Tribuna – Há uma diferença entre o PT baiano e o nacional?
Samuel Vida – O PT é muito complexo nacionalmente. Neste momento, a expressão nacional do PT, que é do início do governo Lula, aponta para uma lógica diferente da do PT baiano. O Ministério da Justiça definiu como prioridade instalar câmeras nos uniformes da PM. Passou a ser um critério de prioridade para o repasse de recursos essa política. Há uma concepção corrente no interior da militância do PT que vê o petismo baiano como uma exceção extravagante e representativa no seu comando de um pensamento conservador e neoliberal.
Tribuna – O senhor já foi filiado ao PT. Como analisa o partido agora?
Samuel Vida – Eu construí o PT. Fui filiado por 33 anos, fui dirigente, assessor parlamentar. Integrei instâncias de bases e até nacionais. Eu conheço o PT. Sei do que estou falando. Construí esse partido e não foi para operar como está operando nessa experiência governamental (da Bahia). Votei, apoiei, fiz campanha para as duas gestões de Jaques Wagner, mesmo com críticas. Mas ainda tentando encontrar internamente para essas críticas, e cheguei a votar na primeira eleição do Rui Costa. Iniciei um processo irreversível de afastamento (do PT) com o episódio da chacina do Cabula.
Tribuna – O senhor está filiado ao PSOL hoje?
Samuel Vida – Estou. Não faço militância. Não integro nenhuma instância dirigente, não participo politicamente do dia a dia do partido. Mas sou filiado.
Tribuna – Por que Salvador não consegue ter um prefeito negro eleito diretamente?
Samuel Vida – Como resultado mais gerado, é a consequência do racismo. A gente tem a cidade mais racista do Brasil. Salvador é o caso mais bem-sucedido de hegemonia de uma minoria branca sobre a esmagadora maioria negra. Nós temos uma cidade com aproximadamente 90% de pessoas negras que é governada e controlada por meia dúzia de pessoas brancas. Isso é revelado de que vivemos um regime racial supremacista intenso e bem-sucedido. Isso envolve, inclusive, a esquerda. Se olharmos a trajetória das candidaturas representadas pela esquerda e da atitude política em relação à cidade, a gente confirma (o racismo), embora não da mesma forma do que o projeto neocarlista.
Tribuna – Como o senhor vê a atuação do movimento negro durante esse período de governo petistas na Bahia?
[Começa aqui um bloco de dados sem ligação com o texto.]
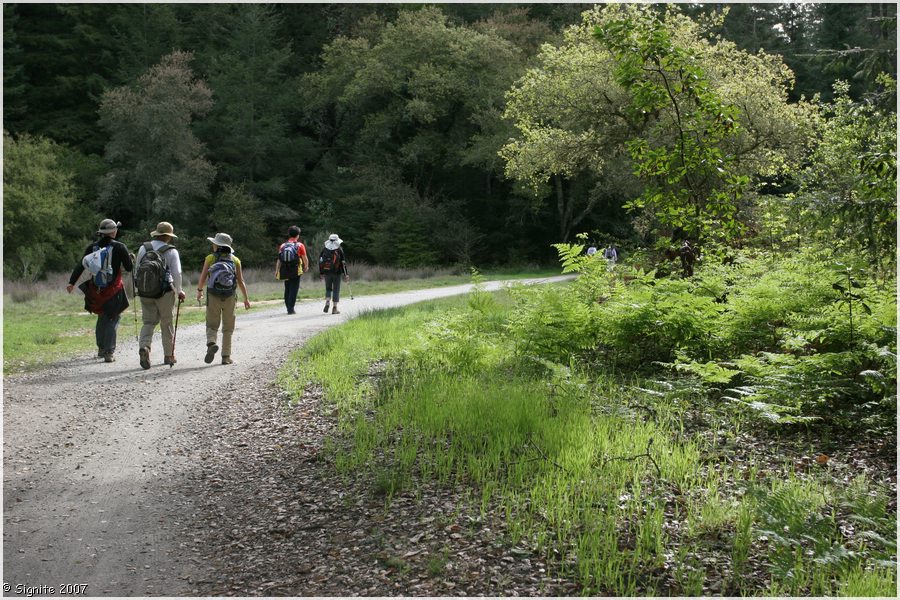 Click to view next image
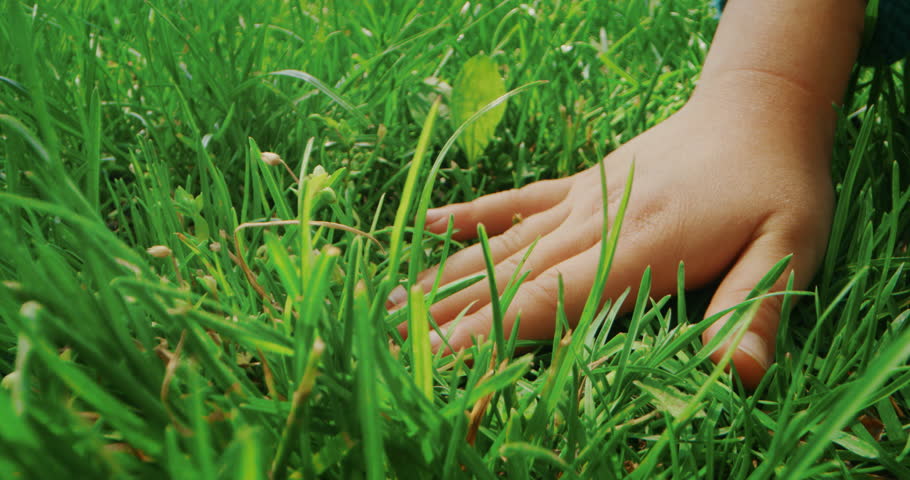 Touch the grass. Трогать траву. Touch grass. Руки детские в траве макро. Touch grass Мем.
Samuel Vida – Na sua esmagadora maioria, com algumas exceções, se mostra alinhado, silenciado, subalternizado pelos governistas petistas. Nesse episódio da nomeação do racista, não teve até o momento um pronunciamento de entidades do movimento negro, do campo que participa do governo. Nenhuma sequer. Quem tem criticado é quem não mantém relação com esse governo, tem autonomia. O movimento negro soteropolitano é levado a reboque pelo projeto petista que não contempla, não reconhece a relevância deste setor. Na última eleição, Vilma Reis foi a candidata petista mais votada em Salvador, e na composição do governo ela não foi nem considerada para ocupar cargos. Que contradição.